Homemade Sandwich Rolls
These homemade sandwich rolls are the perfect yeast bun to use as a vessel for any of your favourite sandwich fillings. A crispy yet soft sandwich bun is so easy to make you will never use store-bought again!
When I think of sandwiches I think about some of the best sandwiches and some of the worst I have had in my life. As kids, we have probably all have memories of PB and J’s, tuna fish, ham and cheese and Nutella. As as we get older our tastes usually change and the toppings and fillings in our sandwiches become a little more sophisticated. One fact that remains, however, is that the bread you use can make or break a sandwich.
This homemade sandwich roll recipe, like many yeast dough recipes, requires some wait time but the recipe itself is simple enough for any and everyone to follow.
Crusty on the outside, soft and tender on the inside, these homemade sandwich rolls are used for anything from a sloppy Joe to a hamburger to a prosciutto and arugula sandwich. So good!
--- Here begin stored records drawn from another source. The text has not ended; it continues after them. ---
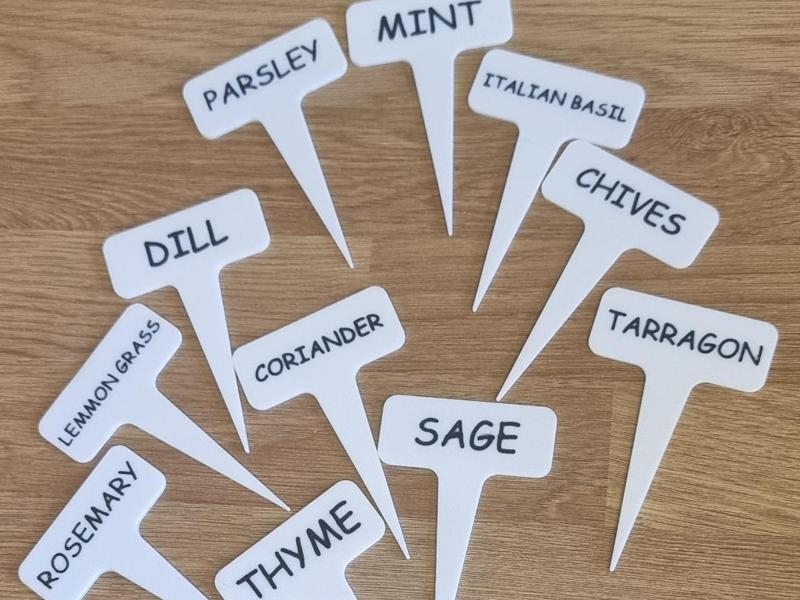 Herb Plant Labels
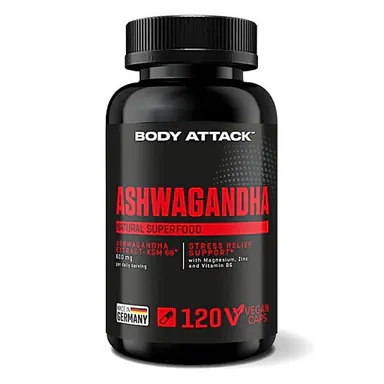 Body Attack Ashwagandha KSM-66 - 120 Kapseln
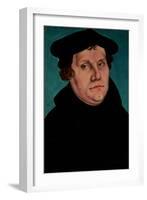 Portrait of Martin Luther, 1529-Lucas Cranach the Elder-Framed Giclee Print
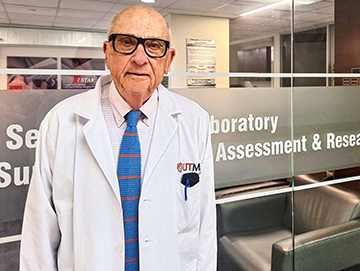 Dr. Townsend in front of LSTAR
You will notice that in this recipe (as with most of my recipes that call for yeast) I use active dry yeast. You can, for the most part, use instant yeast if that is what you have on hand, however, if you don’t mind letting it sit for a few minutes, I say get yourself some active dry yeast.
There is something so satisfying about baking homemade bread of any kind. As a sandwich bun, these homemade rolls are next-level delicious. It will definitely bring your sandwich level up a few notches.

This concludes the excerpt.